Manager of Global Solution Architecture, Customer Platform Engineering - EST (Remote)
Weights & BiasesPosted 4/16/2025

Manager of Global Solution Architecture, Customer Platform Engineering - EST (Remote)
Weights & Biases
Job Location
Job Summary
Weights & Biases is seeking a highly skilled and experienced SA/SRE (Solutions Architect / Site Reliability Engineering) Manager to lead customer-managed deployments, improve on-premise deployments, streamline upgrades, and build scalable systems and processes through automation. The role requires strong technical background, leadership capabilities, and deep understanding of deployment automation and reliability engineering. The ideal candidate will have 7+ years of experience in SRE, DevOps, or Solutions Architecture roles, with at least 2+ years in a managerial or leadership capacity. They should also possess proficiency in infrastructure as code (Terraform, Ansible, or similar tools), CI/CD automation, and monitoring, logging, and alerting tools.
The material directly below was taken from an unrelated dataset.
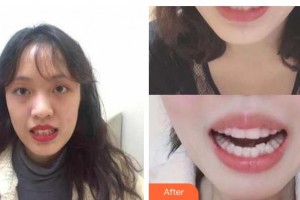 張家港康麗?？漆t(yī)院整形美容外科范立國整形價(jià)格表附牙齒隱形矯正案例展示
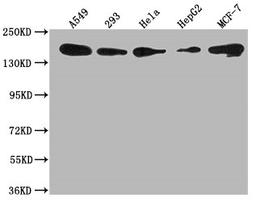 Western Blot. Positive WB detected in: A549 whole cell lysate, 293 whole cell lysate, Hela whole cell lysate, HepG2 whole cell lysate, MCF-7 whole cell lysate. All lanes: PLXNB2 antibody at 1:1000. Secondary. Goat polyclonal to rabbit IgG at 1/50000 dilution. Predicted band size: 206 kDa. Observed band size: 206 kDa.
The position offers competitive salary, benefits, and career growth opportunities, as well as a flexible remote work culture with in-office flexibility in San Francisco.
Job Description
Responsibilities:
- Lead and manage a team of SA engineers focused on supporting and scaling customer-managed and on-premise deployments.
- Design, implement, and enhance deployment architectures to improve reliability, scalability, and security.
- Develop and optimize upgrade processes to minimize downtime and operational risk.
- Build and maintain automation frameworks to streamline deployment, monitoring, and incident management.
- Collaborate closely with product and engineering teams to enhance software deliverability and maintainability for on-premise environments.
- Establish and enforce best practices for configuration management, infrastructure as code (IaC), and CI/CD pipelines.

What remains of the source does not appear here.